▶ Given records:
====================
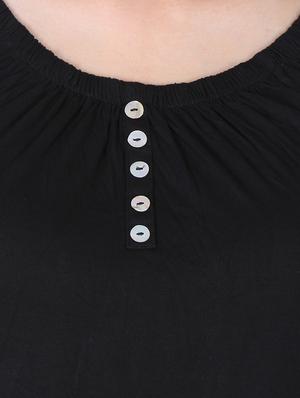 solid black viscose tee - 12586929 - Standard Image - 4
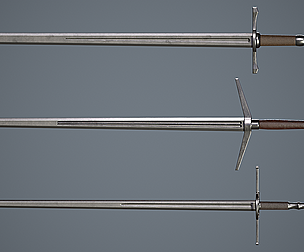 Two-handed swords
====================
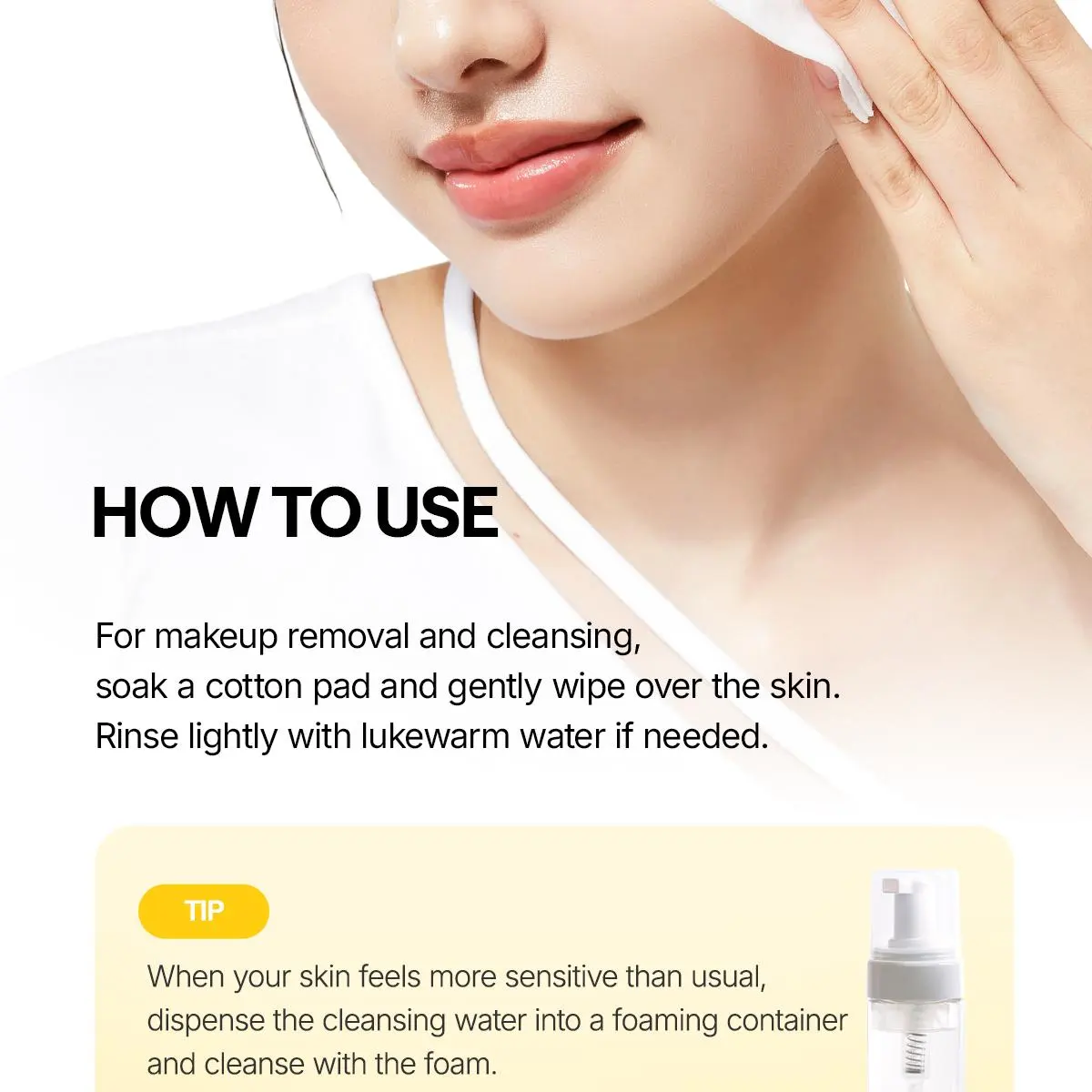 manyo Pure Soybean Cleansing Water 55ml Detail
====================
▶ What needs to be done: From the line containing "solid black viscose" through the line containing "Two-handed swords", copy every line above exactly, without pictures.

▶ Written solution:
 solid black viscose tee - 12586929 - Standard Image - 4
 Two-handed swords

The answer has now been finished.